A lawyer for Bobby Stroup, a former Carson City resident sentenced to four no-parole life terms, argued that Stroup got an unfair trial because of testimony against him from jailhouse informants.
Attorney Richard Cornell also said Stroup’s trial, for the October 1991 murders of Daniel Rasmussen and Jack Strawbridge, was delayed too long.
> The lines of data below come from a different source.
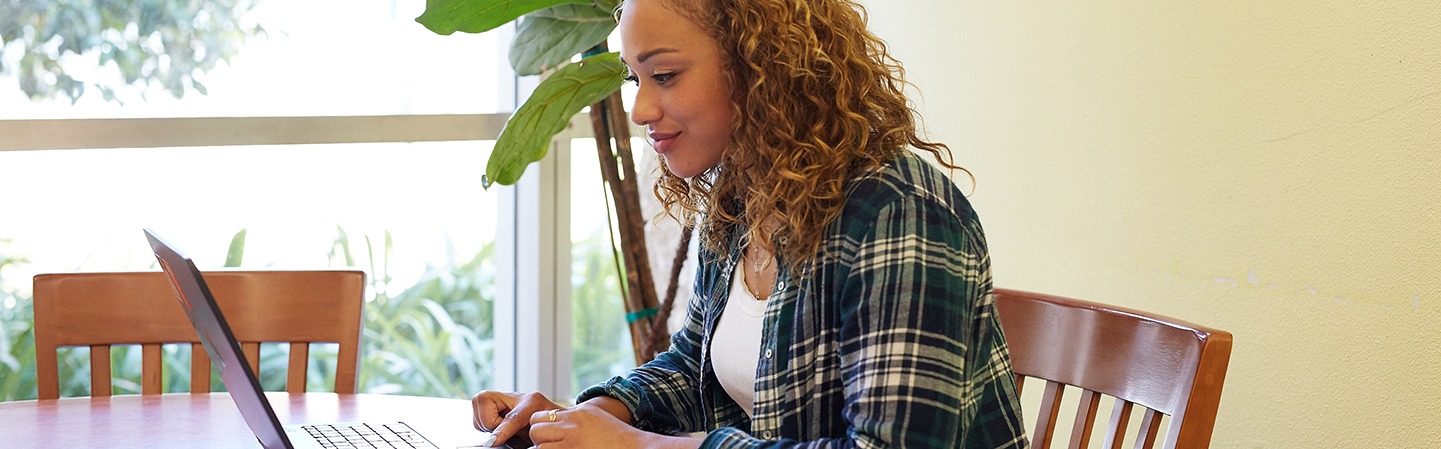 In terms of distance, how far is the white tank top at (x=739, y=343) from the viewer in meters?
1.25

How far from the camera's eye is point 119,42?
252 centimetres

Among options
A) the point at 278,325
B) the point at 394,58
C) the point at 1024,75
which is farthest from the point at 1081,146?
the point at 394,58

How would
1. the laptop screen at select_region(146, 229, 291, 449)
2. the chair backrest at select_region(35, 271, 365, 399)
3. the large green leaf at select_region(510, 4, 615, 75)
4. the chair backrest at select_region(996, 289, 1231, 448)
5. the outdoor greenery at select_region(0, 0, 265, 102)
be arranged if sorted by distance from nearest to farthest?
the laptop screen at select_region(146, 229, 291, 449)
the chair backrest at select_region(996, 289, 1231, 448)
the chair backrest at select_region(35, 271, 365, 399)
the large green leaf at select_region(510, 4, 615, 75)
the outdoor greenery at select_region(0, 0, 265, 102)

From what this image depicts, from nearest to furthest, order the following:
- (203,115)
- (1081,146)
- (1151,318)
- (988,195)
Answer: (1151,318) < (1081,146) < (988,195) < (203,115)

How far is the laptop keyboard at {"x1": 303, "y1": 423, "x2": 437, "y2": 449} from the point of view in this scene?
128cm

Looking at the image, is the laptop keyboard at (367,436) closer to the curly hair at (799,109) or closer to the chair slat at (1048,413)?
the curly hair at (799,109)

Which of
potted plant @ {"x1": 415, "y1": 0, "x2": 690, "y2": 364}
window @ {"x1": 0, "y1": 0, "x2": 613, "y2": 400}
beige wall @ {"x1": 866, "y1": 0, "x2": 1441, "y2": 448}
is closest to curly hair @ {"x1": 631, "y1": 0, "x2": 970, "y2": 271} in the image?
beige wall @ {"x1": 866, "y1": 0, "x2": 1441, "y2": 448}

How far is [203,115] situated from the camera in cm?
263

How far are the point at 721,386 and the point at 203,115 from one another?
1.71 metres

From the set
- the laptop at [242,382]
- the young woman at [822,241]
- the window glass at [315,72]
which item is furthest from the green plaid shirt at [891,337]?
the window glass at [315,72]

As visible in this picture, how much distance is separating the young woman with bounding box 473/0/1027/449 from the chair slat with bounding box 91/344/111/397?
2.50ft

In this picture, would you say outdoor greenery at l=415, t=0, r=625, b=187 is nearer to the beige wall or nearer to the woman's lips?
the beige wall

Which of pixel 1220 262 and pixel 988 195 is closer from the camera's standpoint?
pixel 1220 262

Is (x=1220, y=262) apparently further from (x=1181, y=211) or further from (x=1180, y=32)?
(x=1180, y=32) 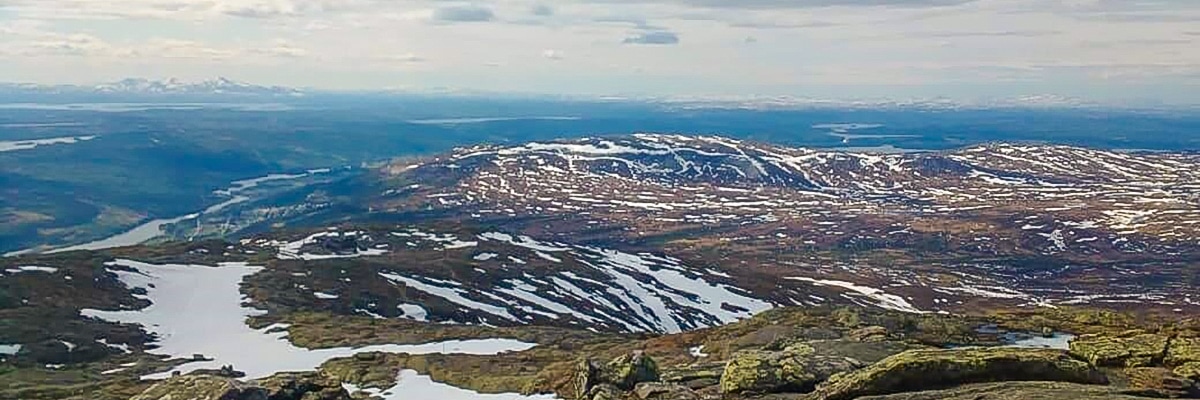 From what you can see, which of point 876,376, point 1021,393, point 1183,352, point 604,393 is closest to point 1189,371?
point 1183,352

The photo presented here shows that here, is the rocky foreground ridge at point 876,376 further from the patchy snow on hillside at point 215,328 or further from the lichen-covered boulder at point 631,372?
the patchy snow on hillside at point 215,328

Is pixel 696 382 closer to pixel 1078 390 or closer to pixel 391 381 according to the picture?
pixel 1078 390

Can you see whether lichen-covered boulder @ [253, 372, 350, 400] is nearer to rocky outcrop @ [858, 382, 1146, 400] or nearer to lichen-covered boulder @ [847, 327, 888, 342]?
rocky outcrop @ [858, 382, 1146, 400]

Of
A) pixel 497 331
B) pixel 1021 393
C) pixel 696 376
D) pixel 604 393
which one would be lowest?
pixel 497 331

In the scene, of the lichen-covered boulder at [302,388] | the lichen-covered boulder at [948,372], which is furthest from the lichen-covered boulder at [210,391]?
the lichen-covered boulder at [948,372]

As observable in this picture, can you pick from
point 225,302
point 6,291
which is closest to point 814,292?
point 225,302

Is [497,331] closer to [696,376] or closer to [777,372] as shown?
[696,376] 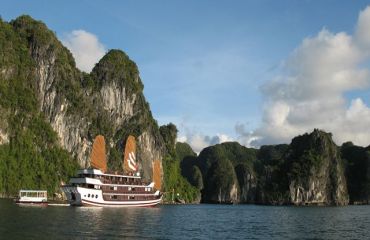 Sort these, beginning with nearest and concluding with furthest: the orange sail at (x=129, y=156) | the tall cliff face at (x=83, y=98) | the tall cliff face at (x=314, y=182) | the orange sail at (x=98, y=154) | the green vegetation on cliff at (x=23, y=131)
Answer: the orange sail at (x=98, y=154)
the orange sail at (x=129, y=156)
the green vegetation on cliff at (x=23, y=131)
the tall cliff face at (x=83, y=98)
the tall cliff face at (x=314, y=182)

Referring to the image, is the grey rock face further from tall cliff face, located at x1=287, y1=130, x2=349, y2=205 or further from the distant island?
tall cliff face, located at x1=287, y1=130, x2=349, y2=205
Stroup was convicted in April 2001.
Cornell said the state Supreme Court should revise jury instructions on trial testimony given by witnesses who share jail cells with people who brag about their crimes.
The attorney said there’s potential for lying by accused criminals whose boasting is really “jockeying for status” among other inmates.
Cornell said he wasn’t arguing to bar such testimony — but that there should be more done to determine the reliability of testimony that could be “potential dynamite” for a defendant.
Deputy Washoe County District Attorney Terry McCarthy said he viewed Cornell’s suggestion to restrict such testimony “a little bit shocking.” McCarthy said Stroup could have prevented the testimony by simply not bragging.
“Juries decide who is reliable and who is credible,” McCarthy said, echoing comments by Justice Mark Gibbons, one of three justices who heard the case Monday.
Regarding the defense claim of excessive trial delays, McCarthy noted Stroup faced criminal charges in California before his Nevada trial could proceed.
“We had to stand in line,” he said.
Stroup was convicted of two counts each of first-degree murder and first-degree murder with a deadly weapon for the deaths of Rasmussen and Strawbridge, who were kidnapped from a Carson City convenience store. Their bullet-riddled bodies were later found along the Mount Rose Highway.
During Stroup’s trial, prosecutors argued that even if he didn’t kill the two men himself, he supplied the guns and participated in the conspiracy that led to their deaths, making him guilty of murder.
Stroup’s son, Roger Stroup, was convicted in 1996 of kidnapping the men, but was acquitted of murder.
A ruling will be issued later on Bobby Stroup’s bid for either a new trial or to reduce his four terms to two life sentences.